Un tel projet est sans issue. Le PQ n’a jamais été un parti social-démocrate. Les partis sociaux-démocrates ont été créés par les organisations ouvrières et populaires et sont demeurés organiquement liés à ces dernières jusqu’à tout récemment. Rien de tel au PQ, un parti issus de la fusion d’éléments des libéraux, de la droite nationaliste et de certains éléments issus des organisations syndicales et du RIN. Jamais les syndicats ou les organisations populaires n’ont été impliqués dans la fondation du PQ. Le PQ a souvent ressortit son « préjugé favorable aux travailleurs » mais jamais il n’a construit de liens réels avec les mouvements sociaux. Il n’a jamais été construit comme outil de résistance contre les pressions de l’oligarchie. Il a plutôt développé une expertise en manipulation des mouvements et des mobilisations, une capacité de récupération et de domestication des mouvements sociaux pour les encadrer et les ramener à l’intérieur du cadre « raisonnable » des politiques néolibérales.
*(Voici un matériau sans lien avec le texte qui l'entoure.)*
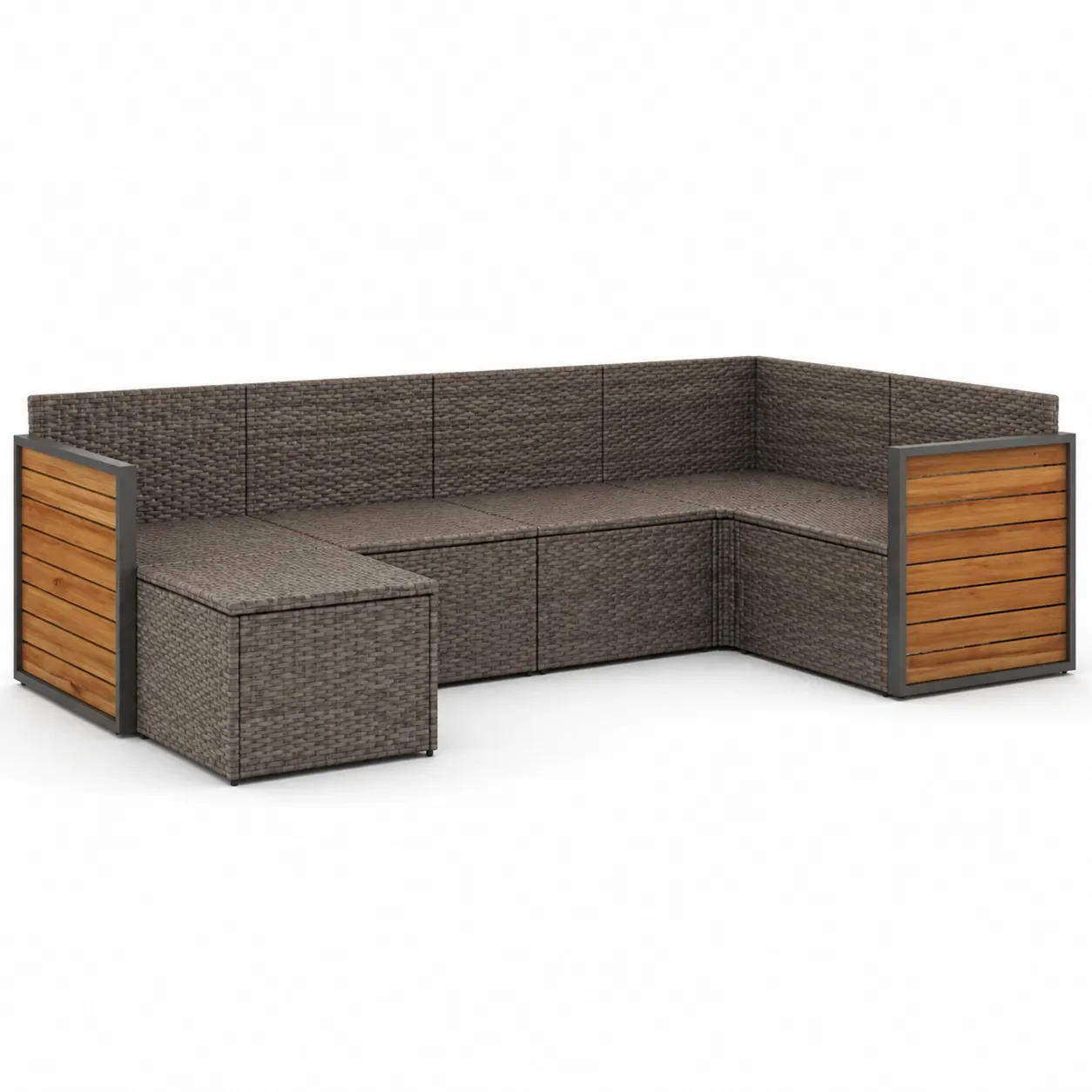Divano angolare in rattan e legno 255x175x65 cm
Au lendemains de sa première élection, son premier geste fut de proclamer devant l’oligarchie américaine qu’il n’y avait rien à craindre du Québec, que la province ne deviendra pas un deuxième Cuba en Amérique. Il a domestiqué le mouvement de libération nationale qui s’exprimait dans la rue autant que sur la scène électorale et la convertit en démarche « raisonnable » à l’intérieur de laquelle la population est confinée à un rôle de spectateur appelé à voter lorsque le parti le décide. Le reste est bien connu. L’offensive anti-syndicale des années 80, l’appui à l’accord de libre -échange nord-américain, puis le déficit zéro de Lucien Bouchard et la gestion néolibérale décomplexée des gouvernements Landry, Boisclair et consort. Non, rien de nouveau avec le présent gouvernement. L’auteur s’attriste des reniements du gouvernement péquiste de Pauline Marois mais rien dans le passé du PQ n’indique que celui-ci suivrait une direction différentes de ces prédécesseurs. Il serait temps pour des militantes et militants comme M. Porlier qui espère ce qui n’adviendra pas d’entreprendre la construction d’un nouveau véhicule pour les luttes syndicales et populaires. À force de se cogner le nez sur les murs péquiste, on contribue au cynisme ambiant et aux espoirs déçus. Malgré ces commentaires qui peuvent apparaître négatifs, il s’agit d’une lecture intéressante pour qui veut connaître le récit du développement de la plus importante société d’État du Québec et de l’importance de la conserver et de la développer tout en résistant aux tentatives de la droite et de l’oligarchie de la privatiser ou de la soumettre aux ditkats des accords de libre-échange. Pour y parvenir, l’auteur vise juste en soulignant l’importance d’un renouveau syndical qui place la démocratie et la mobilisation au centre de ses stratégies.
Réjean Porlier, Pilleurs d’héritage : confessions douces et amères d’un Hydro-Québécois, M éditeur, 2013, 184 p.